Gli sono troppo vicina perché mi sogni

E’ l’una e mezza. Ho finito il nuovo disegno ispirato ancora a una delle poesie di Wisława Szymborska, che Simona Garbarino ha letto questa sera nel nostro salotto poetico “La finestra sull’anima”. Eccone il testo:

Gli sono troppo vicina perché mi sogni.
Non volo su di lui, non fuggo da lui
sotto le radici degli alberi. Troppo vicina.
Non con la mia voce canta il pesce nella rete.
Non dal mio dito rotola l’anello.
Sono troppo vicina. Una grande casa brucia
senza che io chiami aiuto. Troppo vicina
perché la campana suoni appesa al mio capello.
Troppo vicina per entrare come un ospite
dinanzi a cui si scostano i muri.
Mai più morirò così leggera,
così fuori dal corpo, così ignara,
come un tempo nel suo sogno. Troppo,
troppo vicina. Sento il sibilo
e vedo la squama lucente di questa parola,
immobile nell’abbraccio.
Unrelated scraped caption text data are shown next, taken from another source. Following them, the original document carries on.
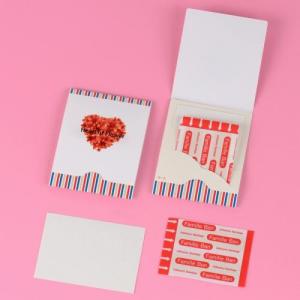 イベント 縁日 催物 抽選会/名入れ ロゴ入れ オリジナル　絆創膏入りアメニティセット　想い花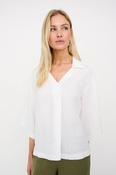 Pieszak Lina Linen Blouse, White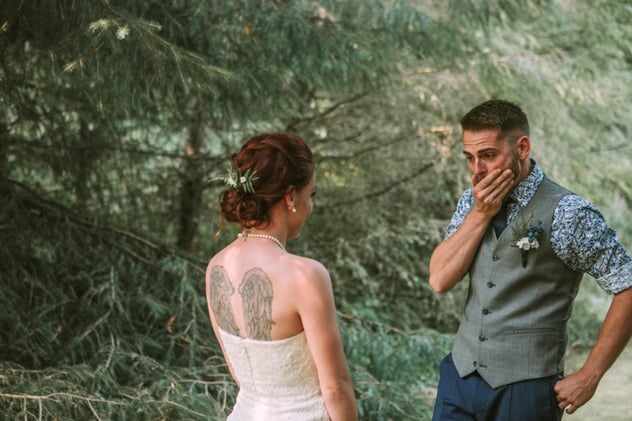 wedding photography hours first look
Lui dorme,
più accessibile ora alla cassiera d’un circo
con un leone, vista una sola volta,
che non a me distesa al suo fianco.
Per lei ora cresce dentro di lui la valle
con foglie rossicce, chiusa da un monte innevato
nell’aria azzurra. Io sono troppo vicina
per cadergli dal cielo. Il mio grido
potrebbe solo svegliarlo. Povera,
limitata alla mia forma,
ed ero betulla, ed ero lucertola,
e uscivo dal passato e dal broccato
cangiando i colori delle pelli. E possedevo
il dono di sparire agli occhi stupiti,
ricchezza delle ricchezze. Vicina,
sono troppo vicina perché mi sogni.
Tolgo da sotto il suo capo un braccio,
intorpidito, uno sciame di spilli.
Sulla capocchia di ciascuno sono seduti,
da contare, angeli caduti.

Wisława Szymborska
(Traduzione di Pietro Marchesani)

..

Ed ecco la descrizione dell’immagine.
Lo sfondo è costituito da un universo stellato – incendiato in basso a sinistra dall’esplosione rossa e gialla di chissà quale corpo celeste – che passa da un blu profondo, quasi nero, a un blu marino più intenso, per arrivare a un turchese splendente (colori che si intersecano l’uno nell’altro in mille piccoli punti). Al centro galleggia una sfera che racchiude due corpi in un letto (se ne vede solo la parte superiore: la testa, le spalle e le braccia). Sono un uomo che dorme profondamente – girato sul fianco destro, le braccia piegate davanti a sé – e una donna sveglia, alle sue spalle, la testa parallela alla nuca di lui, gli occhi aperti e lo sguardo perso nei propri pensieri. Il suo braccio sinistro cinge l’uomo addormentato; il destro non si vede, ma dalla posizione di entrambi si intuisce che è sotto il corpo di lui. Sulla spalla della donna corre una lucertola screziata di giallo e rosso. Il colore prevalente nella sfera è turchese, ma il viso dell’uomo è illuminato di giallo e di rosso, quasi i riflessi dell’incendio del cielo. Il viso di lei è più in ombra: lo definiscono puntini viola e blu, qualcuno giallo. Le braccia di entrambi sono attraversate da macchie rosse e gialle, che sembrano mucchi di foglie autunnali cadute a terra. Forse ora si può intuire che i puntini di colore sul viso delle persone disegnano ombre di alberi con lunghi rami tesi al cielo. Fuori dallo spazio della sfera, in una caduta che è volo senza direzione, due angeli che ricordano Icaro stanno precipitando per l’eternità.
Al centro della sfera c’è il primo verso della poesia “Gli sono troppo vicina perché mi sogni” e il nome di Wisława Szymborska.